Nieuwe multistage ransomware steelt ook wachtwoorden

De aanval start met een besmetting met Pony, een veelvoorkomende vorm van malware die heel effectief op zoek gaat naar gebruikersnamen en wachtwoorden op de pc. Deze gaan vervolgens naar een Command & Control server van de aanvallers. Het doel is zo veel mogelijk legitieme inloggegevens van webservers en content managementsystemen (CMS) te krijgen om zo nieuwe websites te kunnen injecteren met malware.

Zoeken naar kwetsbaarheden

In de tweede fase van de besmetting wordt het slachtoffer van een legitieme website gedirigeerd naar een malafide site waarbij de Angler-exploitkit op de pc wordt geladen. Deze zoekt naar allerlei bekende kwetsbaarheden in veelgebruikte software waaronder die in Windows.

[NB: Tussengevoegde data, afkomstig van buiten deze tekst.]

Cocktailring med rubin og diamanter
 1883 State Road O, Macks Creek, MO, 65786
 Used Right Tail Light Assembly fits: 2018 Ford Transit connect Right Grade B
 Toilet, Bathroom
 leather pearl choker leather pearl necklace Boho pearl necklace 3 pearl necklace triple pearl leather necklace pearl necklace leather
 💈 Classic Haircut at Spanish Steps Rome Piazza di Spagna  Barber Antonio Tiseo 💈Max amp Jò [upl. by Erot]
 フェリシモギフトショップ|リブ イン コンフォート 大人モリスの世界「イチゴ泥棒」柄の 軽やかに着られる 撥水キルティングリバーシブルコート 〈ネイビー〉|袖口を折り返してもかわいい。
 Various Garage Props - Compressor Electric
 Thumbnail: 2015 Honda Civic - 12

Deze kwetsbaarheden worden vervolgens gebruikt om CryptoWall 4.0 op het systeem te zetten. In deze laatste fase worden alle bestanden op de pc gegijzeld door de data te versleutelen. Gebruikers moeten vervolgens losgeld betalen via een viertal Bitcoin-gateways.

Update en backup

Volgens Heimdal zijn zeker 100 legitieme Deense websites geïnfecteerd met de scripts die bij deze aanval horen. Maar ook buiten Denemarken zijn verschillende voorbeelden gevonden, zegt de IT-beveiliger. Cruciaal element in deze aanpak is het gebruik van verouderde software door de slachtoffers. Het bedrijf hamert daarom nog maar eens op het installeren van de laatste beveiligingsupdates. Ook is het zeer regelmatig maken en testen van backups een belangrijke veiligheidsklep tegen dit soort cybercriminaliteit.